Exercise brief: Only those lines in the data below from the line containing "Pictures of Retail, Office" through the line containing "Ir a una vinoteca", both included, should be restated word for word.

Records supplied:
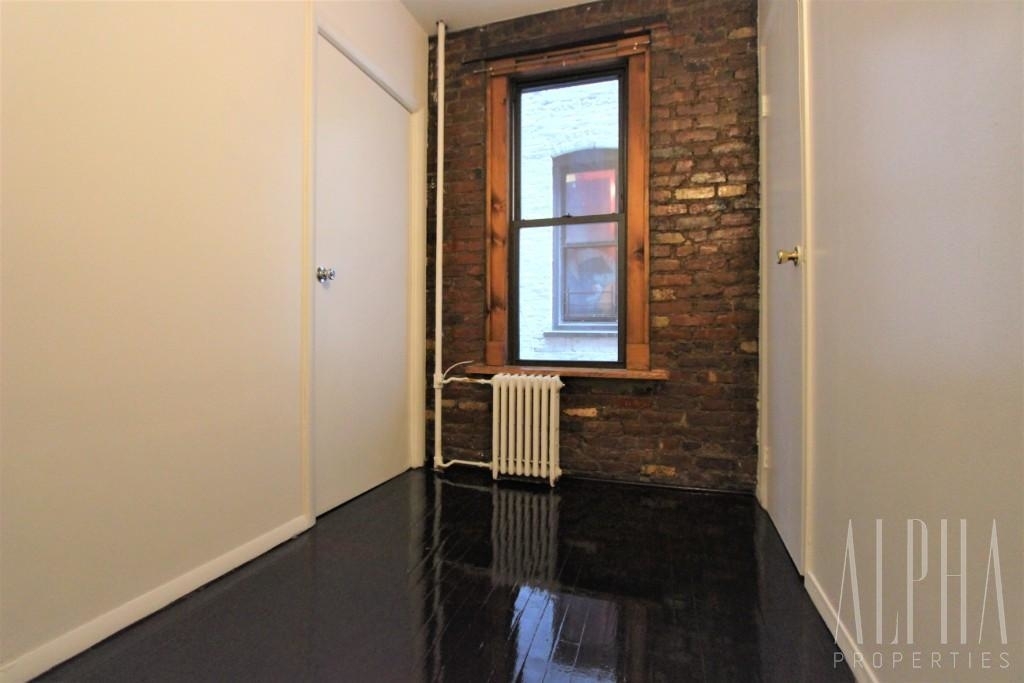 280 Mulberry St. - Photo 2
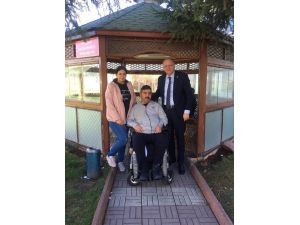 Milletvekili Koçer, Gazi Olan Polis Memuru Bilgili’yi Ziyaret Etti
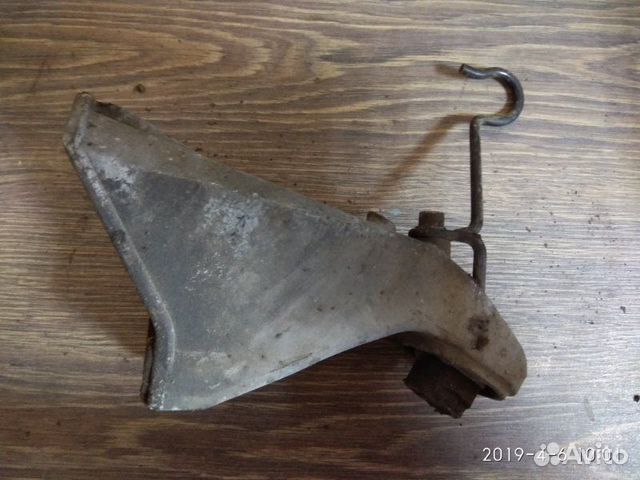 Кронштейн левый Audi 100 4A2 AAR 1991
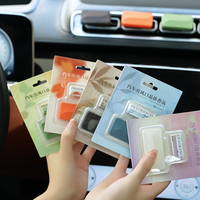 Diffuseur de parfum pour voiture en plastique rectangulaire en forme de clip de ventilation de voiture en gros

---

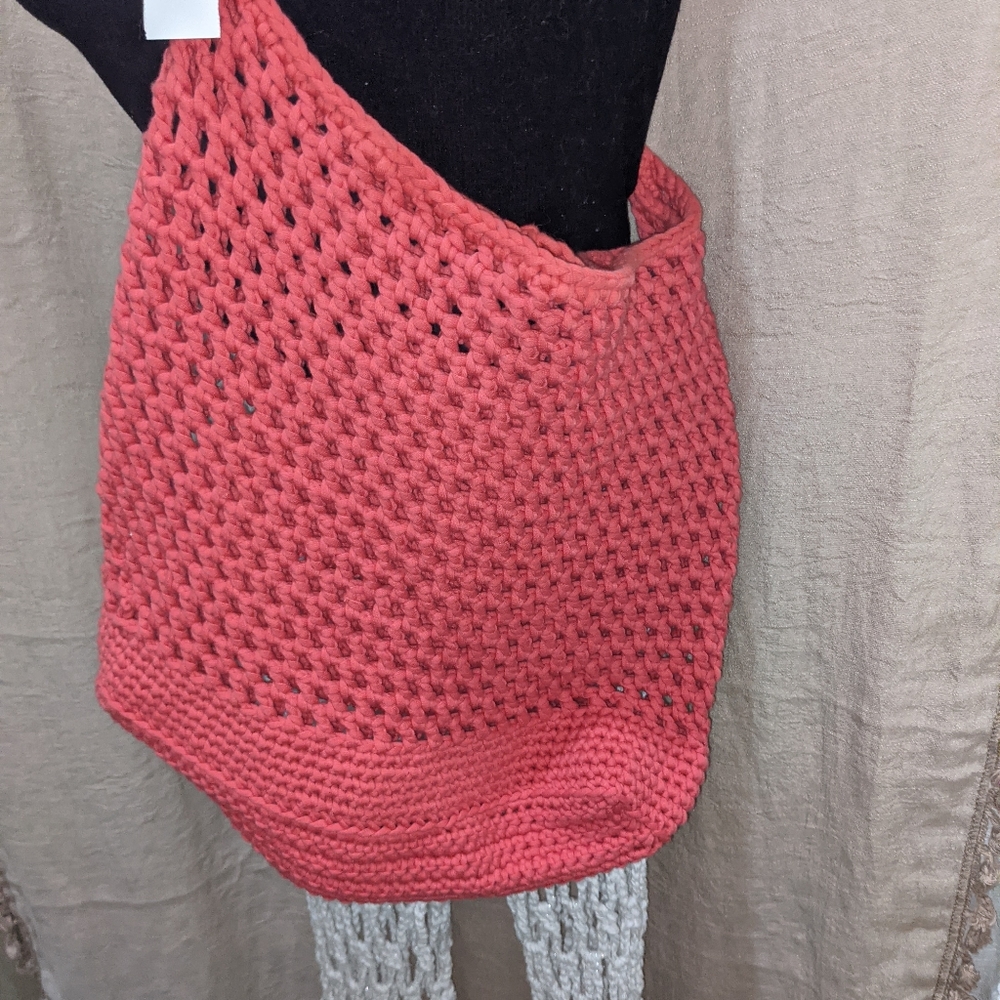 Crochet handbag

==

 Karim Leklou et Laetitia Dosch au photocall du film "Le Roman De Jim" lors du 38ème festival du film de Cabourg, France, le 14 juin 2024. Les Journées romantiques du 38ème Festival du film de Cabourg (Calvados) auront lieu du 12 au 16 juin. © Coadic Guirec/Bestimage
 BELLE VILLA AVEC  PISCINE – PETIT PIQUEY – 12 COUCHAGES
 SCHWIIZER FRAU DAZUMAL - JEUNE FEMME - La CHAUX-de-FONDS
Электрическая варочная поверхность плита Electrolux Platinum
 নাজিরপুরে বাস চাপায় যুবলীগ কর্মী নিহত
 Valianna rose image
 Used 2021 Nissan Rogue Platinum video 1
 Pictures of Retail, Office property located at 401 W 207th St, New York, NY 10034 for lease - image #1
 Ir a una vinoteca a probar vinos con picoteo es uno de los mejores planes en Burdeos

Task result:
 Pictures of Retail, Office property located at 401 W 207th St, New York, NY 10034 for lease - image #1
 Ir a una vinoteca a probar vinos con picoteo es uno de los mejores planes en Burdeos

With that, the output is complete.